● Work instruction:
In the records below, find the line containing "So here I want" and transcribe it and every line after it exactly; leave the pictures out.

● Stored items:
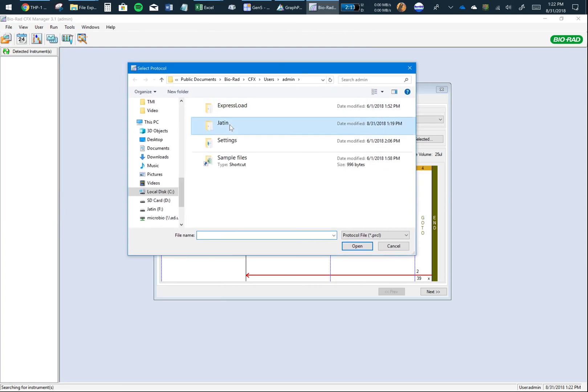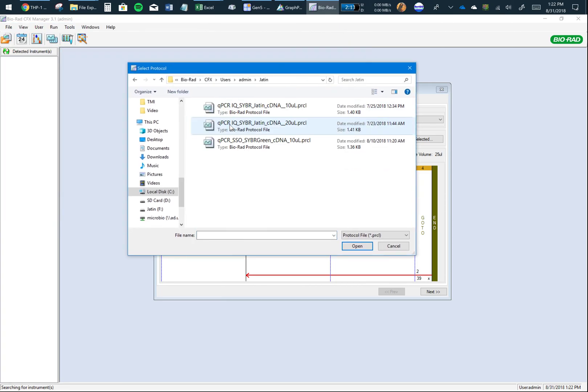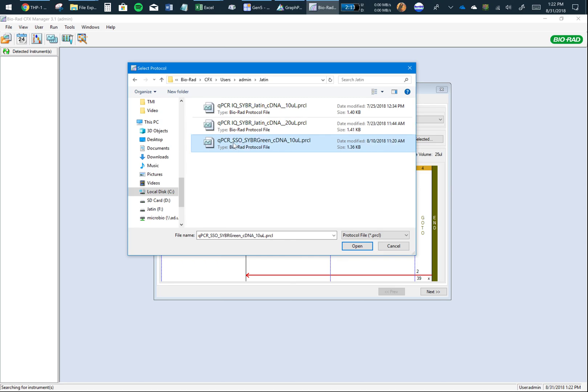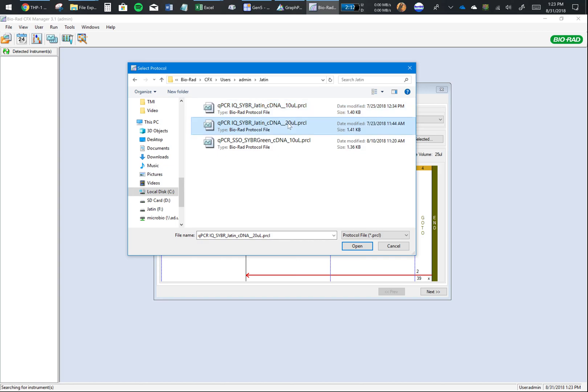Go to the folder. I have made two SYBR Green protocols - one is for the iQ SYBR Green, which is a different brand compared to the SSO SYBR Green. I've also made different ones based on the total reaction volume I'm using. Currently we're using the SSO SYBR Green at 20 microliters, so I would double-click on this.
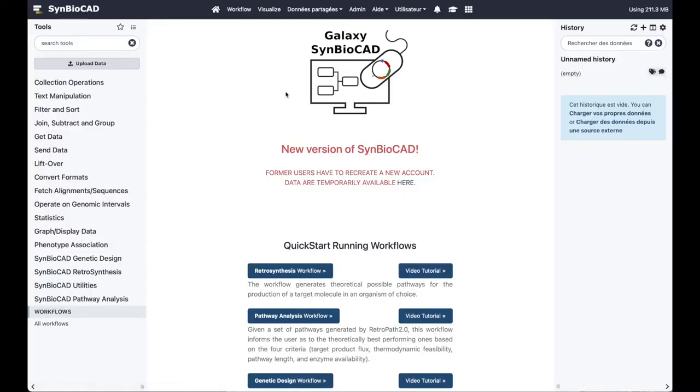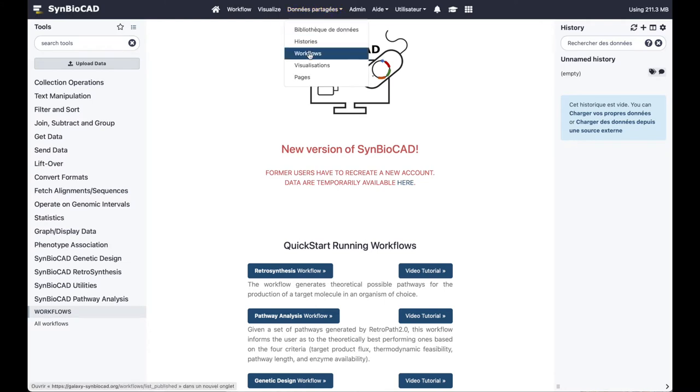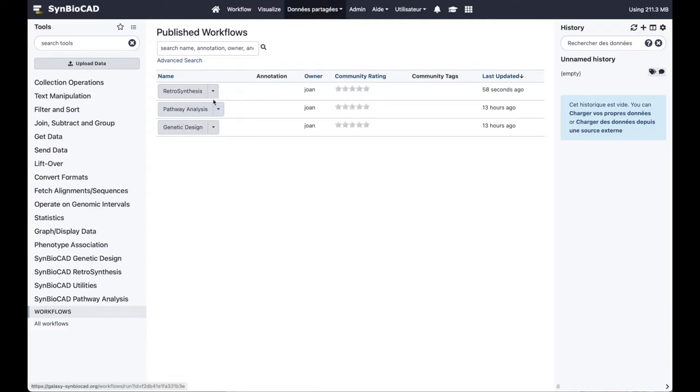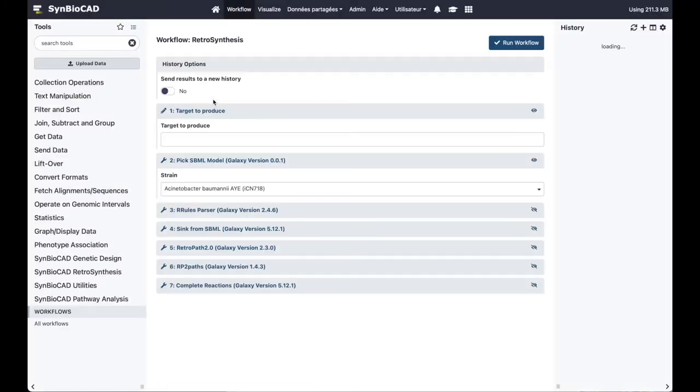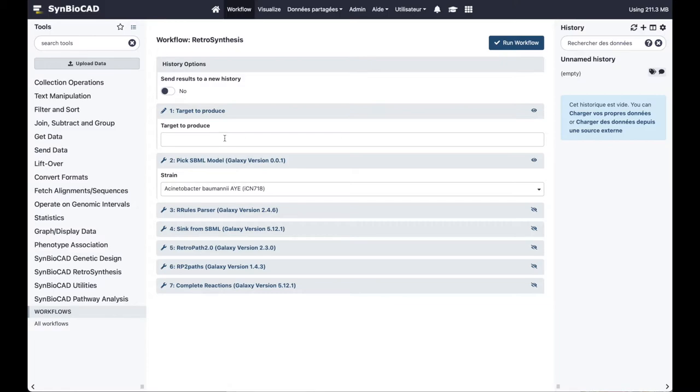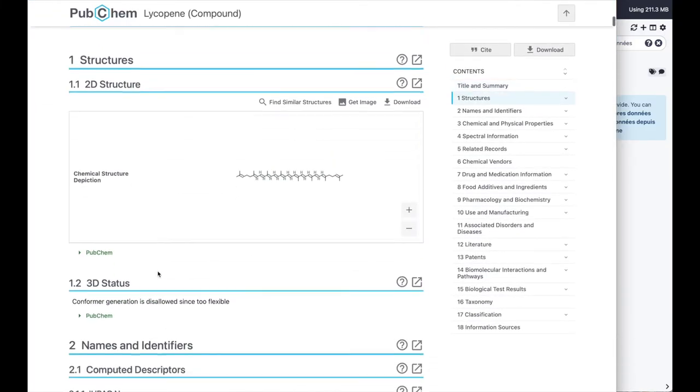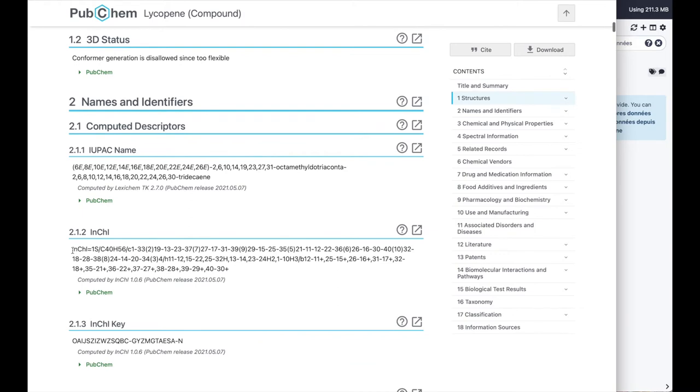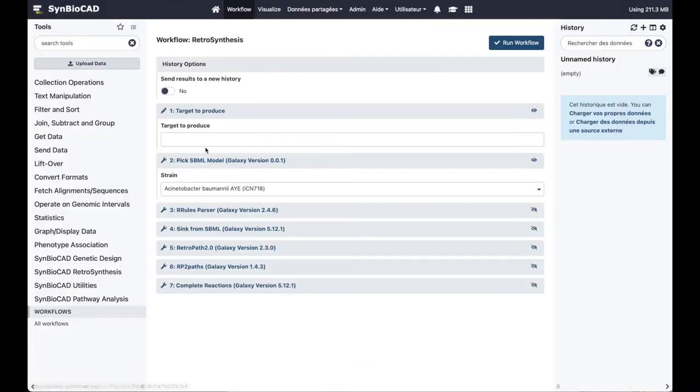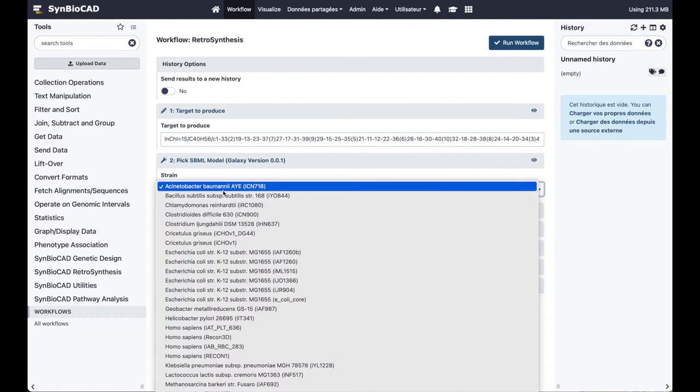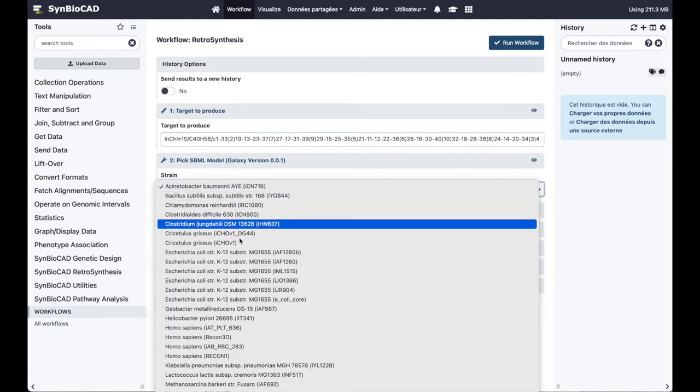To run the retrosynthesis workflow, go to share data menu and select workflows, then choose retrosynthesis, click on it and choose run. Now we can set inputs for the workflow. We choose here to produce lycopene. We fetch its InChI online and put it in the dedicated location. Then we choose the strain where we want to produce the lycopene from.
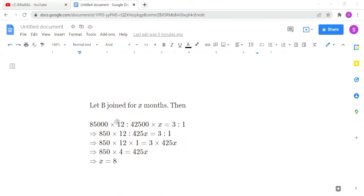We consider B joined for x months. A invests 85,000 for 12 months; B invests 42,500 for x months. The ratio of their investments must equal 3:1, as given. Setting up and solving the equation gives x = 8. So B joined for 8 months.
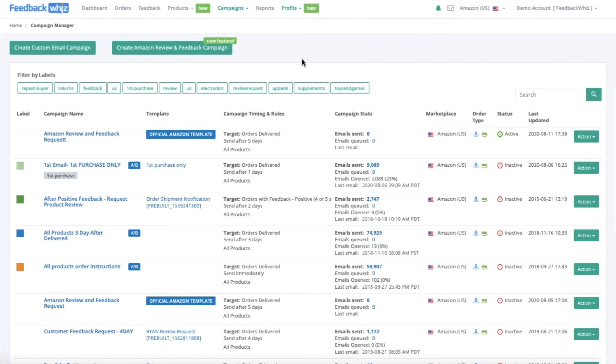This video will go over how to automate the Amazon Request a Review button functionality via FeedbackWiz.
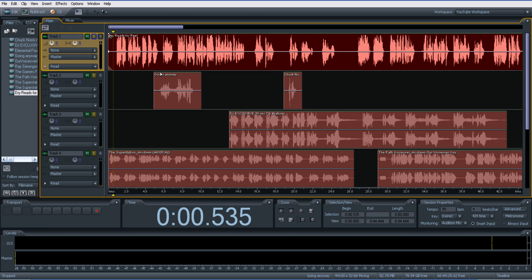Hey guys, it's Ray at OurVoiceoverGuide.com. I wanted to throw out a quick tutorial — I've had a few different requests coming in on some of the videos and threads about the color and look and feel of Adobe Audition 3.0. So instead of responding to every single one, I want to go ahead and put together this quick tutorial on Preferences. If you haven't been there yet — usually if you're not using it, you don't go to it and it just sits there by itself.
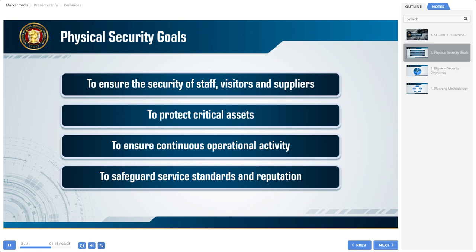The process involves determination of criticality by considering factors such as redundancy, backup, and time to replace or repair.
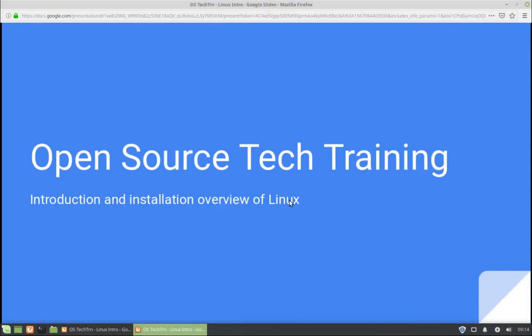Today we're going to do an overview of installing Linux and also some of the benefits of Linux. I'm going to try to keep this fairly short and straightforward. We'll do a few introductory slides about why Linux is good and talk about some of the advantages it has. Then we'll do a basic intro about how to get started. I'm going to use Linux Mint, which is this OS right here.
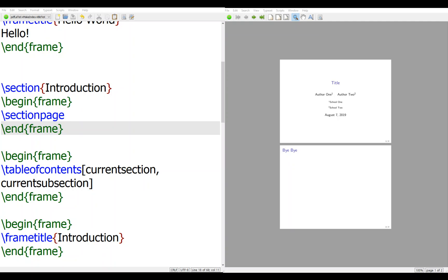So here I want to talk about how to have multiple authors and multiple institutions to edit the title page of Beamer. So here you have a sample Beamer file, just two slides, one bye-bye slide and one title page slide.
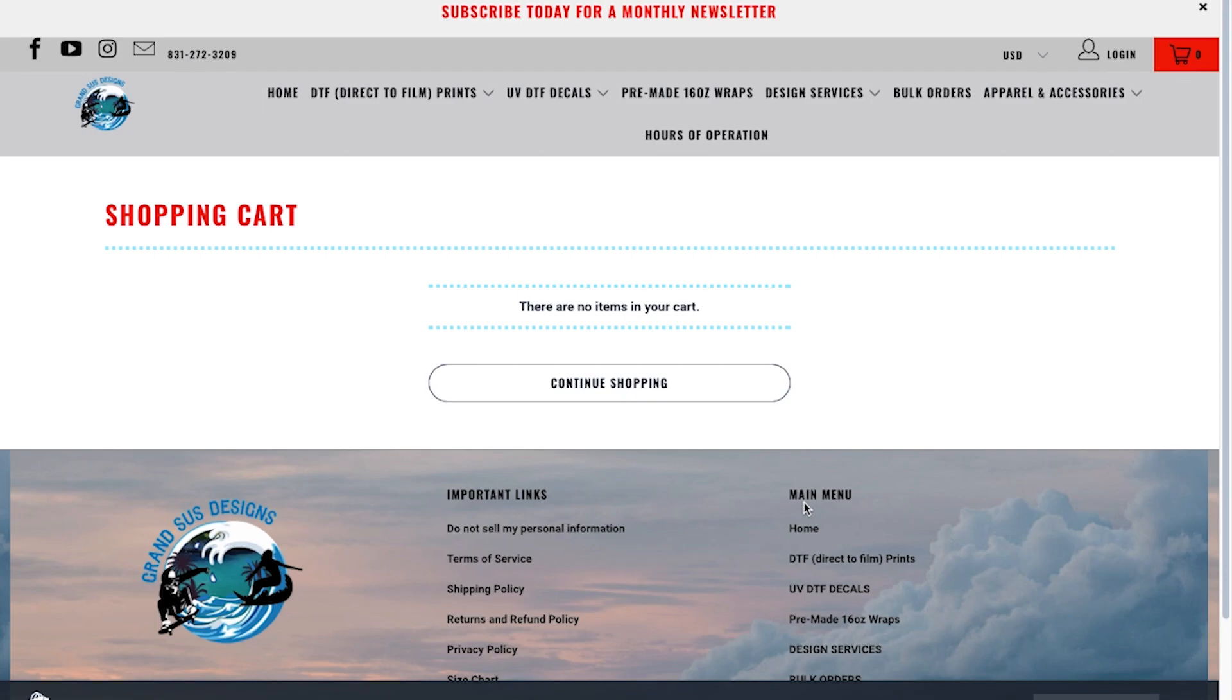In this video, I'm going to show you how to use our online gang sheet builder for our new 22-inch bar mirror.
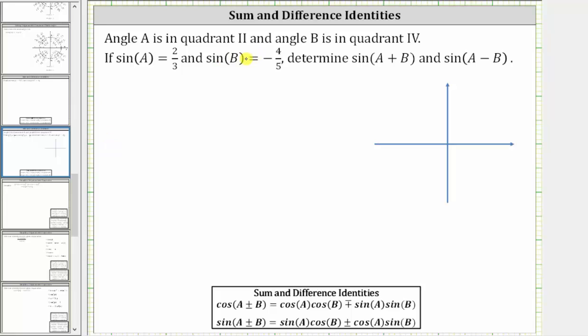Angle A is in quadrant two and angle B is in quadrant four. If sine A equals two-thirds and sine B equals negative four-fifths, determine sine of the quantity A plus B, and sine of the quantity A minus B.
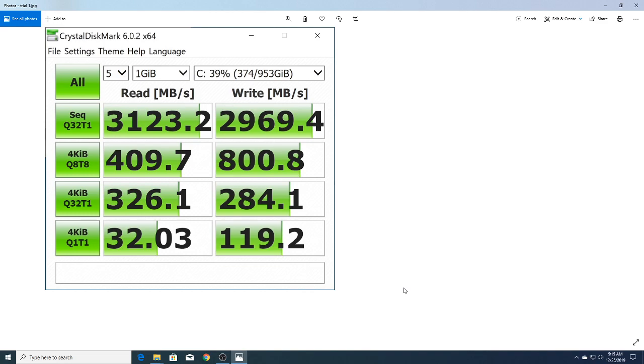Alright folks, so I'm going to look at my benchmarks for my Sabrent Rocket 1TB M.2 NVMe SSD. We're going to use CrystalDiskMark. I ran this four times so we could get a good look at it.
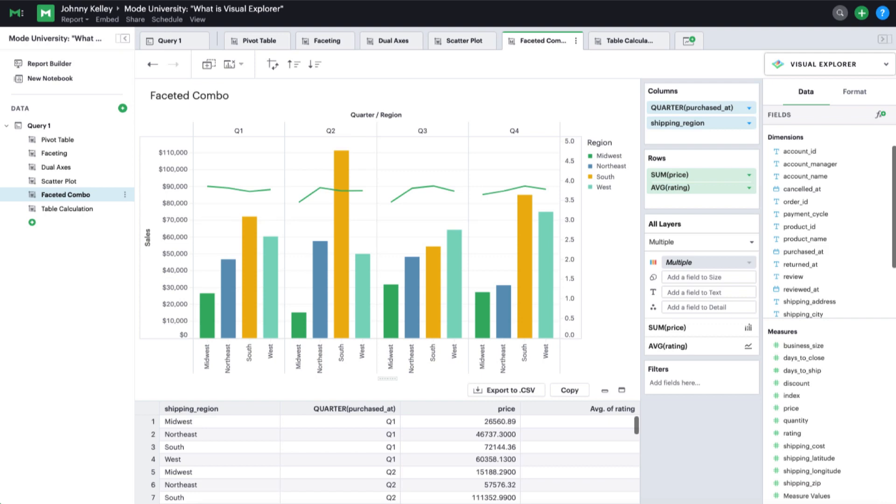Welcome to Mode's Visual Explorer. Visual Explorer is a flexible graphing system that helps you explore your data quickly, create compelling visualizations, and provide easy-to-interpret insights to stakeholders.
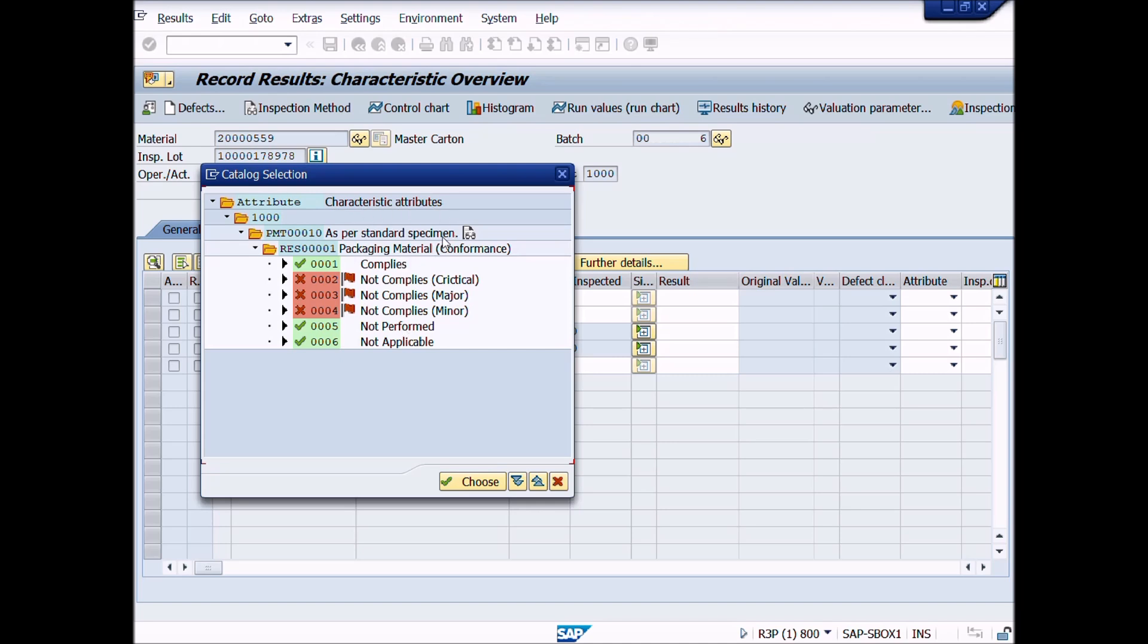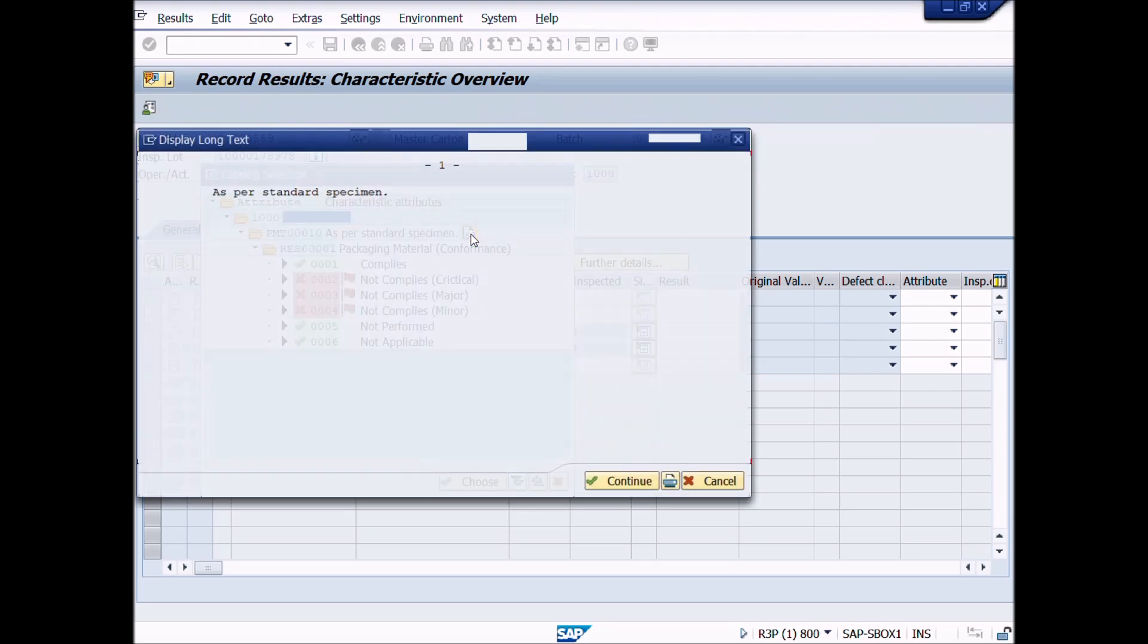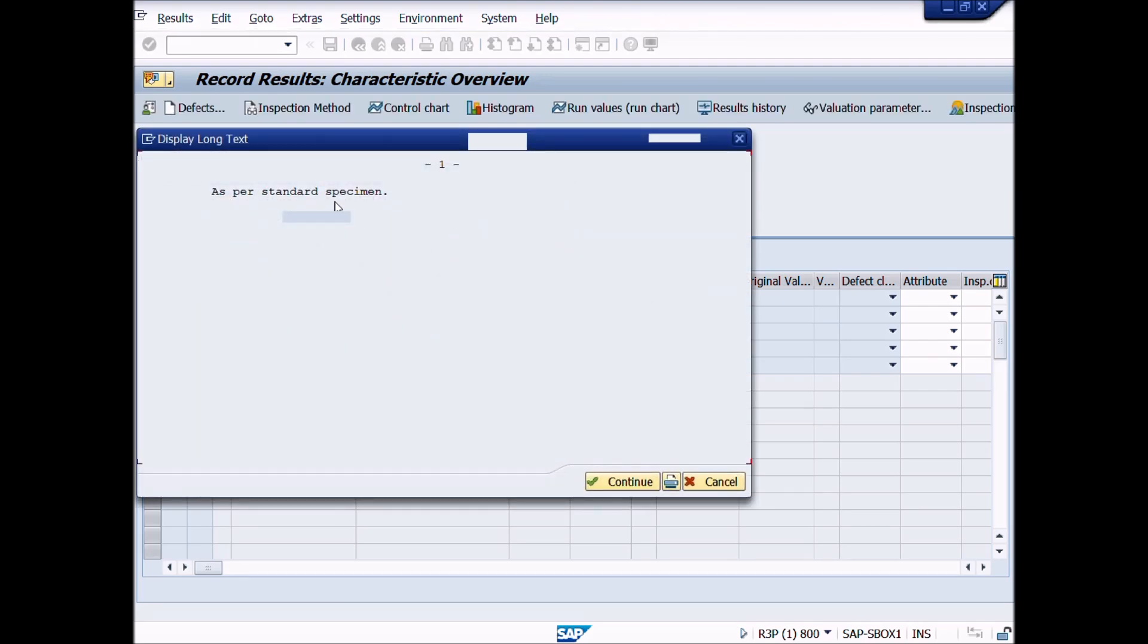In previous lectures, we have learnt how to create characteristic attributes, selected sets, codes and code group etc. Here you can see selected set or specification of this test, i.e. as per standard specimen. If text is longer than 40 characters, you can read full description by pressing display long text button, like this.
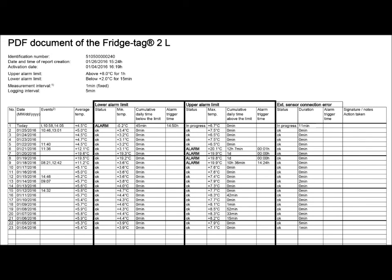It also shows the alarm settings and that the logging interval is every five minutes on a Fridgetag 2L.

● Solution for this problem:
So here I want to talk about how to have multiple authors and multiple institutions to edit the title page of Beamer. So here you have a sample Beamer file, just two slides, one bye-bye slide and one title page slide.
In this video, I'm going to show you how to use our online gang sheet builder for our new 22-inch bar mirror.
Angle A is in quadrant two and angle B is in quadrant four. If sine A equals two-thirds and sine B equals negative four-fifths, determine sine of the quantity A plus B, and sine of the quantity A minus B.
Alright folks, so I'm going to look at my benchmarks for my Sabrent Rocket 1TB M.2 NVMe SSD. We're going to use CrystalDiskMark. I ran this four times so we could get a good look at it.
Welcome to Mode's Visual Explorer. Visual Explorer is a flexible graphing system that helps you explore your data quickly, create compelling visualizations, and provide easy-to-interpret insights to stakeholders.
In previous lectures, we have learnt how to create characteristic attributes, selected sets, codes and code group etc. Here you can see selected set or specification of this test, i.e. as per standard specimen. If text is longer than 40 characters, you can read full description by pressing display long text button, like this.
It also shows the alarm settings and that the logging interval is every five minutes on a Fridgetag 2L.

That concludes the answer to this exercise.